I. Una de las cosas que más me gustan del psicoanalista Guy Le Gaufey es que está metido en eso de lo que se ocupa. A la vez que está pensando cuestiones arduas, complejas, y por momentos tediosas, echa mano a algo de su propia historia. No lo hace a modo de ejemplo sino, creo yo, como un efecto de lectura. Como si estuviera leyendo esas escenas que recuerda desde sus intereses actuales, como si fuera a buscar el germen -no el origen- de algo de lo que se ocupó siempre, como si a partir de ahí pudiera decir eso ya estaba ahí. Ahora leo un libro suyo acerca del padre en Freud y en Lacan que comienza con una experiencia infantil con su padre. Dice: “Alguna vez tuve dificultades con las unidades de medidas” y luego cuenta una situación embarazosa que vivió de niño al decir, en una clase, que había visto un metro cuadrado. A partir de esa escena sigue la pista de sus intereses posteriores y ubica una pregunta: “¿qué hay de real en todo esto?” -dice que el libro surge también de esa preocupación-. Y luego dice lo siguiente: “nada podía hacer callar esa interrogación puntual, es cierto, pero perfectamente iterativa como cuando inspeccionamos sin cesar con la punta de la lengua ese diente que sabemos que nos hace doler”. La pregunta por el padre ¿no es también esa iteración que no se detiene? ¿Preguntar por el padre no es también hacer doler un diente? ¿Y no es también como echar sal en una llaguita: arde un poco pero evita que la herida se expanda? -sólo que a veces la sal no está del todo disuelta en el agua-.

 

II. “Decididamente algo no funcionaba muy bien cuando uno trataba de saber lo que fuera”. La frase de Guy Le Gaufey, derivada de sus reflexiones acerca de la física, las superficies y las medidas que nunca son exactas -para luego ocuparse del padre-, funciona como lectura de La otra hija, de Santiago La Rosa -editada por Sigilo-. Porque se trata de eso mismo: la súbita pregunta de un hijo acerca de quién es realmente su padre. Es una pregunta que se desencadena en el protagonista cuando nace su hija. Y es que ese pasaje de hijo a padre -un pasaje que no es de una vez y para siempre, que no es limpio, que no es sin restos, que nunca es un pasaje definitivo porque nadie deja de ser hijo- hace de su padre, otro. Hace de su padre un enigma. ¿Acaso no lo era antes? Lo cierto es que ese padre convertido en enigma, encarnando una opacidad imposible de atravesar, da inicio a una pesquisa por parte de su hijo, pesquisa que intenta precisar ciertas coordenadas paternas, que intenta dar respuesta a preguntas que nunca antes se habían formulado, pesquisa que tiende -paradójicamente- a hacer de su padre un personaje cada vez más desconocido. La novela despliega esa búsqueda. Cuando terminé de leerla pensé que un padre es siempre una versión, la versión de un agujero.

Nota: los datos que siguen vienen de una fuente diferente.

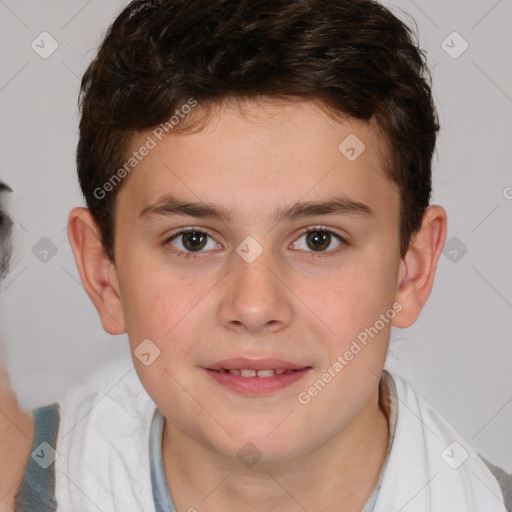 Joyful white child male with short  brown hair and brown eyes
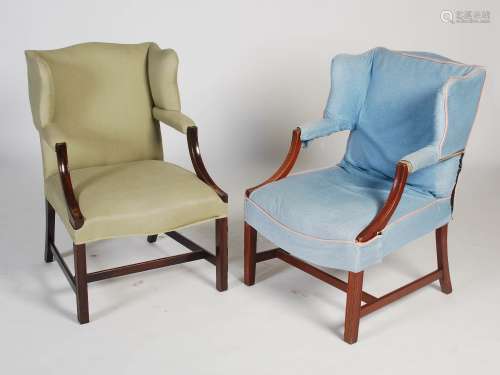 A pair of George III style mahogany Gainsborough wing armchairs, the upholstered backs, arms and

III. ¿Acaso el edipo no es eso: la versión que la neurosis nos brinda de lo que es un padre? No es sólo eso, pero también es eso: relatos, novelas, ficciones alrededor de ese enigma llamado padre. El psicoanálisis -en el mejor de los casos- no se confunde con la neurosis. Una cosa es el padre para la neurosis, otra es el padre para el para el psicoanálisis. Jorge Jinkis dice que “el mito individual está más cerca de los delirios con los que la neurosis llena el hueco de una pregunta verdadera”. También dice: “inevitablemente fuera de lugar (...) la célebre incertidumbre sobre la paternidad (...) Es por eso que le pedimos ayuda a los poetas. No porque sabrían más o menos sobre este misterio atormentador que también abraza al discurso del psicoanálisis. No es que el poeta conozca el nombre de las cosas, pero la lengua lo elige para entregarlo a esa oscura incapacidad de nombrar que aqueja a la palabra y que hace de la metáfora la ley de esa inadecuación radical que asola a Padre”. El padre acaso sea una piedra en el camino (Edipo mató a un hombre que se le interpuso en el camino). No hace falta matar al padre, tampoco eternizarlo. Con reducir la piedra del camino y ponerla en el zapato, se puede andar.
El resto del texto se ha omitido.